**Caption-style text data**.

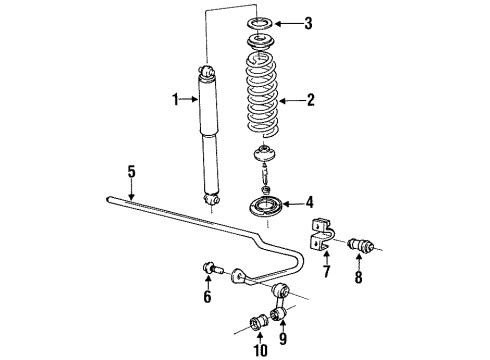 1993 Volvo 940 Rear Shocks & Components, Stabilizer Bar & Components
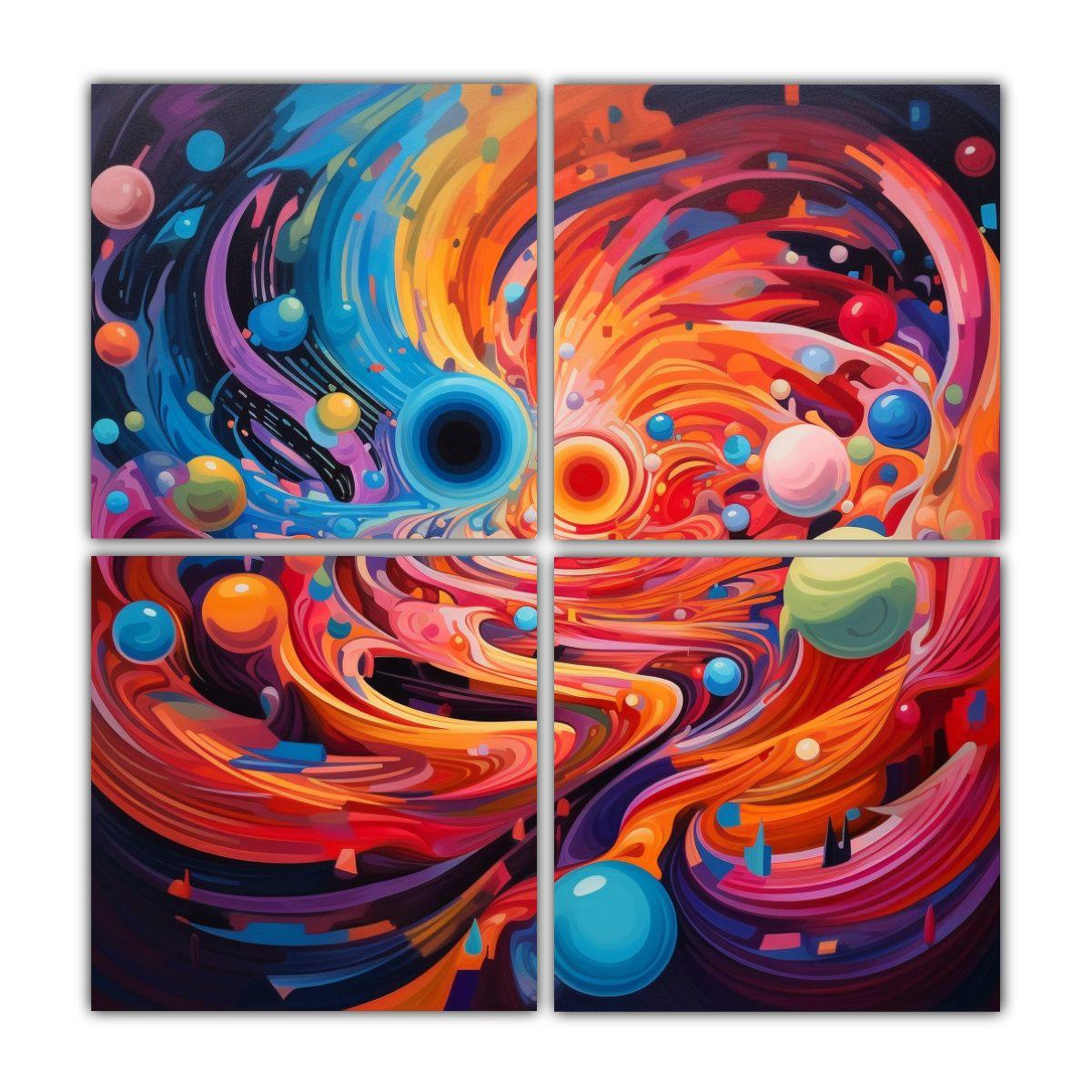 Pinturas Decorativas De 4 Artes Expresión 120x120 Cm-0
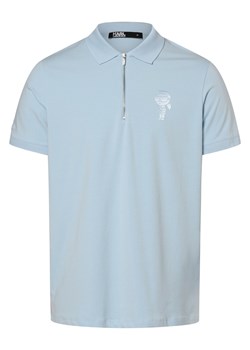 KARL LAGERFELD Męska koszulka polo Mężczyźni Bawełna jasnoniebieski jednolity ze sklepu vangraaf w kategorii T-shirty męskie - zdjęcie 166465363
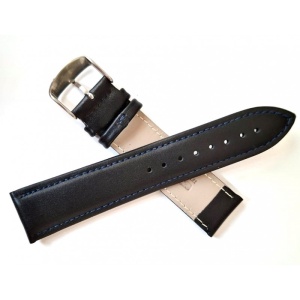 Curea Ceas din Piele Naturală Neagră, cu Cusătură Albastră 20mm 22mm - Img 3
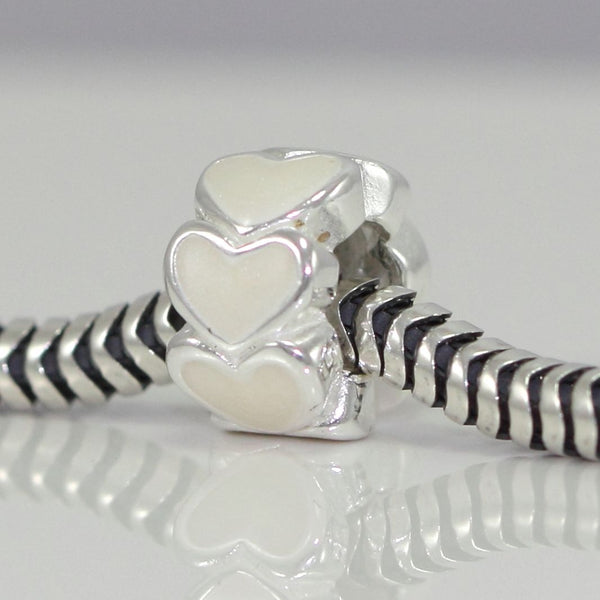 1pc Solid 925 Sterling Silver Cream White Love Heart Bead Charm, Compatible with Pandora All Other Charm Bracelet, EC23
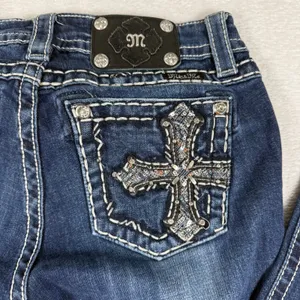 Miss Me Mid Rise‎ Skinny Jeans Dark Wash Contrast Stitch Size 27 Blue Denim thumbnail 12
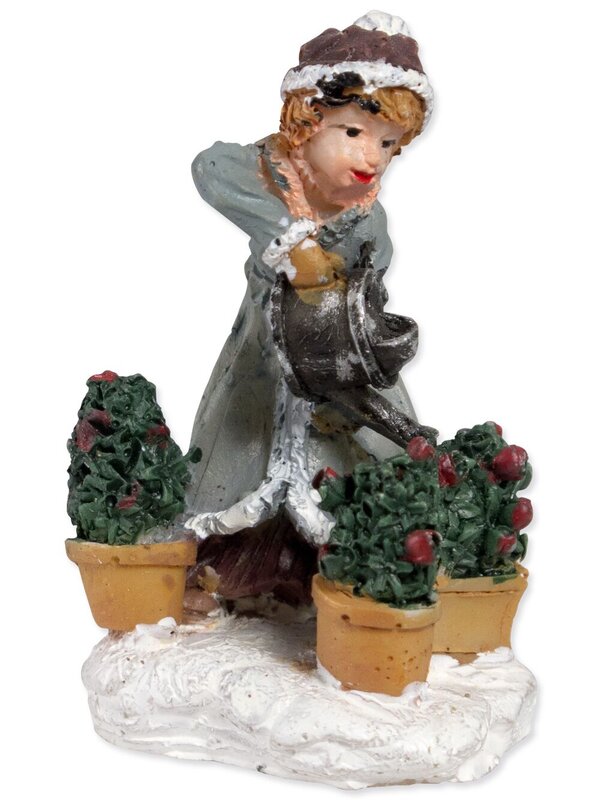 Traditional Polyresin Town Scene Figurines - 12 Pieces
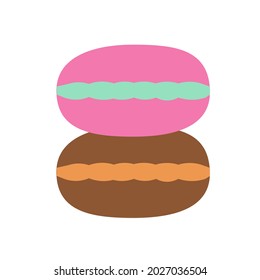 Multicolored sweet cookies with filling on an isolated background. Baking desserts. Tea time. Design elements. Unhealthy food. Flat illustration. Vector illustration.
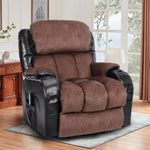 ZUN Vanbow.Recliner Chair for Living Room with Rocking Function and Side Pocket blackbrown W152191742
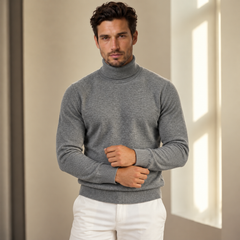 Jersey de Cuello Alto de Merino para Hombre Transpirable
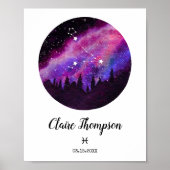 Pink Constellation Pisces Horoskop Sign Geschenk Poster (Vorne)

**What needs to be done**. Repeat every line above precisely; pictures do not belong in the copy.

**Result for this task**.
 1993 Volvo 940 Rear Shocks & Components, Stabilizer Bar & Components
 Pinturas Decorativas De 4 Artes Expresión 120x120 Cm-0
 KARL LAGERFELD Męska koszulka polo Mężczyźni Bawełna jasnoniebieski jednolity ze sklepu vangraaf w kategorii T-shirty męskie - zdjęcie 166465363
 Curea Ceas din Piele Naturală Neagră, cu Cusătură Albastră 20mm 22mm - Img 3
 1pc Solid 925 Sterling Silver Cream White Love Heart Bead Charm, Compatible with Pandora All Other Charm Bracelet, EC23
 Miss Me Mid Rise‎ Skinny Jeans Dark Wash Contrast Stitch Size 27 Blue Denim thumbnail 12
 Traditional Polyresin Town Scene Figurines - 12 Pieces
 Multicolored sweet cookies with filling on an isolated background. Baking desserts. Tea time. Design elements. Unhealthy food. Flat illustration. Vector illustration.
 ZUN Vanbow.Recliner Chair for Living Room with Rocking Function and Side Pocket blackbrown W152191742
 Jersey de Cuello Alto de Merino para Hombre Transpirable
 Pink Constellation Pisces Horoskop Sign Geschenk Poster (Vorne)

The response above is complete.